With warnings of higher prices still to come, natural gas forward prices mounted hefty gains for the trading period ending May 25, with prices nearing $9.00/MMBtu across much of the country and cresting $10.00 in California, according to NGI’s Forward Look.

June fixed prices averaged 65.0 cents higher on the week, while the balance of summer (June-October) jumped 58.0 cents on average, Forward Look data showed. Prices for the upcoming winter (November-March) picked up an average 45.0 cents, with double-digit prices seen throughout the Northeast. Notably, the winter strips for locations in New England – long-plagued by tight capacity – already have surged above $20.00.

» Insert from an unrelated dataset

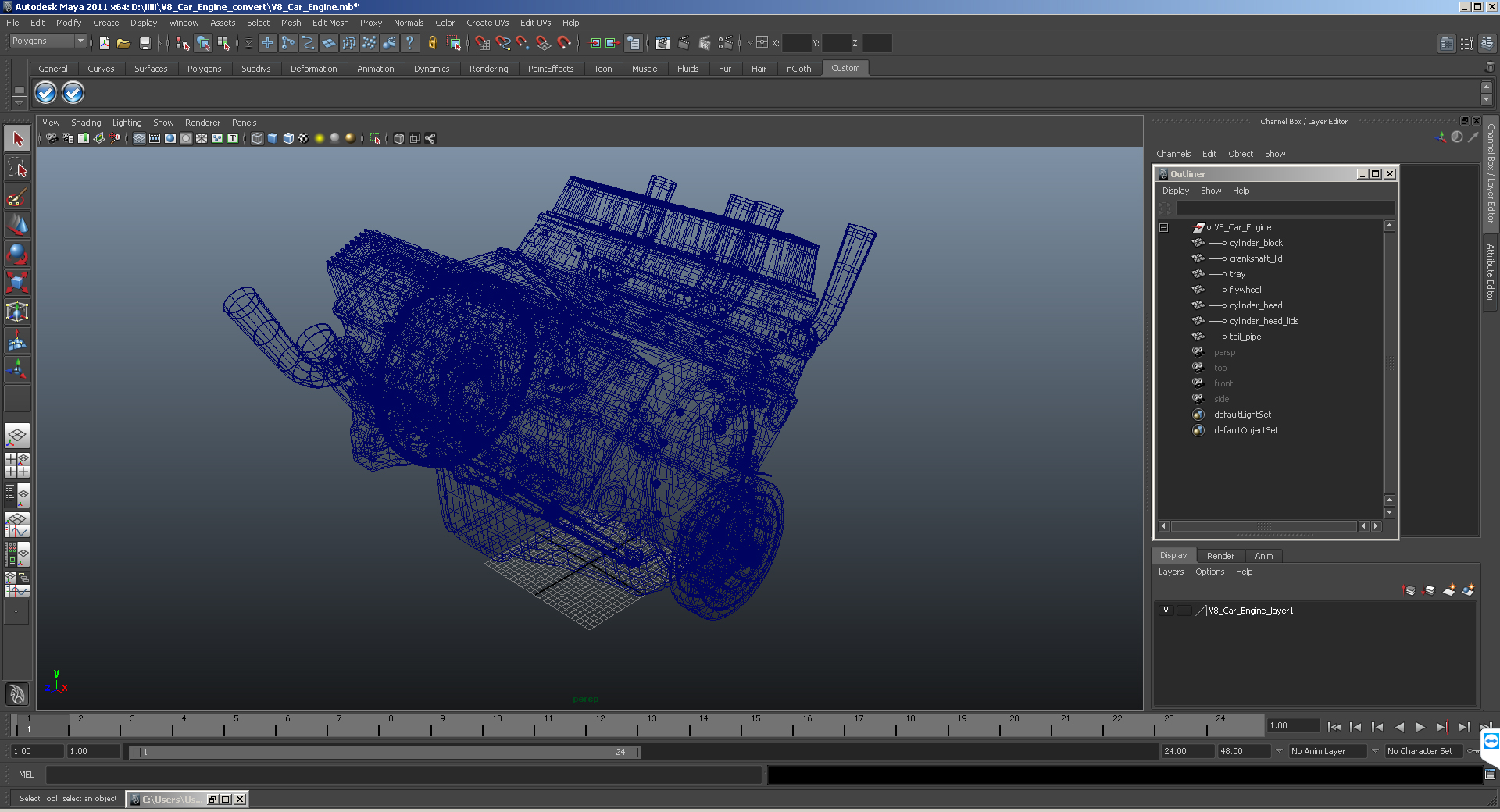 3D V8 Car Engine model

The region isn’t likely to get any relief for at least another year. Equitrans Midstream Corp. earlier this month said its Mountain Valley Pipeline (MVP) would not come online until the second half of 2023. Since receiving approval from FERC in 2017, the project has faced numerous adverse legal and regulatory decisions that have delayed completion of the 303-mile, 2 million Dth/d Appalachia-to-Southeast pipeline.

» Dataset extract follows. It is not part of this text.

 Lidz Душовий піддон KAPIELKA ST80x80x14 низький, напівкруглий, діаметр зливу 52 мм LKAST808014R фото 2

[Know Now: With another wave of LNG export projects across the U.S. and Mexico, will E&P in the Haynesville, Permian and Marcellus climb enough to feed soaring global demand for natural gas? Listen to NGI’s Hub & Flow podcast.]

Without new pipeline capacity, production from nearby Appalachia remains stunted and prices in downstream markets remain at a premium. On the flip side, local market prices are weighed down, particularly during low-demand periods, as production gets trapped in the basin.

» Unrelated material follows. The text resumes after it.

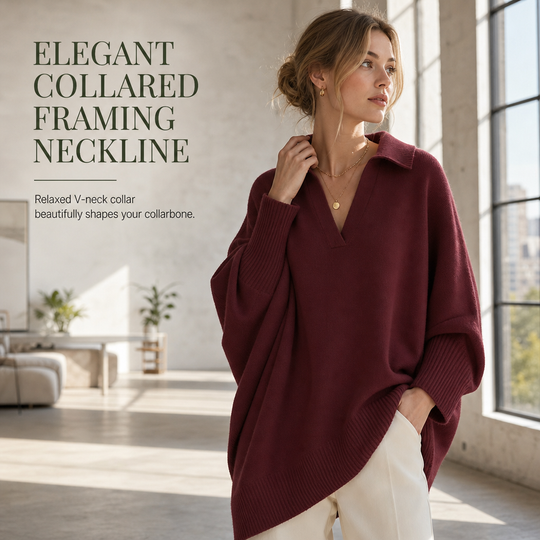 🧶 Relaxed Drape Comfort, Polished Collar Detail | Women's Loose Fit Collared Knit Sweater Casual Slouchy Solid Color Long Sleeve Knitwear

“Without MVP, Appalachia is expected to continue testing egress capacity in times of low local demand,” Aegis Hedging Solutions said.

Indeed, Eastern Gas South prices sit at a more than $1.00 discount to Henry Hub for the remainder of summer, according to Forward Look. The winter strip isn’t faring much better, sitting nearly 90.0 cents back of the benchmark as of Wednesday.

“It is difficult to craft a compelling case for material improvement in that curve without either production declining, which we don’t expect, or additional infrastructure, which is uncertain at best,” Aegis said.

Bullish Macro Outlook

The lack of production growth has more far-reaching implications as well.

Hampered by a cold winter and springtime maintenance, Lower 48 production has failed to capture highs reached in late 2021. The persistently sluggish pace of growth has occurred as demand has shown no signs of slowing.

On the cusp of sweltering summer temperatures and rising cooling demand, U.S. storage inventories are concerningly low. The market got a glimpse of the toll hot weather can take on supply when the latest government storage data was released. The Energy Information Administration (EIA)’s Thursday report covered the week ending May 20, when extreme heat in Texas and the Southeast, along with a flash heat wave across the Mid-Atlantic and Northeast, sent air-conditioning demand soaring.

The result: a paltry 80 Bcf injection into storage inventories. Ahead of the EIA’s weekly inventory report, major polls showed median estimates hovering around an injection of 90 Bcf. Estimates ranged widely from a build of 76 Bcf to as high as 103 Bcf.

The 80 Bcf increase in storage compares with the 109 Bcf injection recorded in the same week a year earlier and the five-year average build of 97 Bcf, according to EIA.

EBW Analytics Group pointed out that particularly hot weeks in recent years have yielded bullish surprises as inefficient gas generators require 1.5-2.0 times natural gas consumption per megawatt hour produced. With many units out on planned outages, last week’s extreme heat may have delivered a similar effect in lifting marginal heat rates, potentially resulting in the bullish surprises versus modeled power sector gas consumption.

The South Central region – which had recorded stout stock gains in recent weeks – saw inventories rise by only 16 Bcf last week, according to EIA. This included a 15 Bcf build in nonsalt facilities, with salts staying flat on the week. EIA noted that totals may not equal the sum of components because of independent rounding.

The East led with a 29 Bcf increase in stocks, and the Midwest reported a 27 Bcf increase, the agency said. The Mountain region picked up only 6 Bcf, while the Pacific picked up 3 Bcf.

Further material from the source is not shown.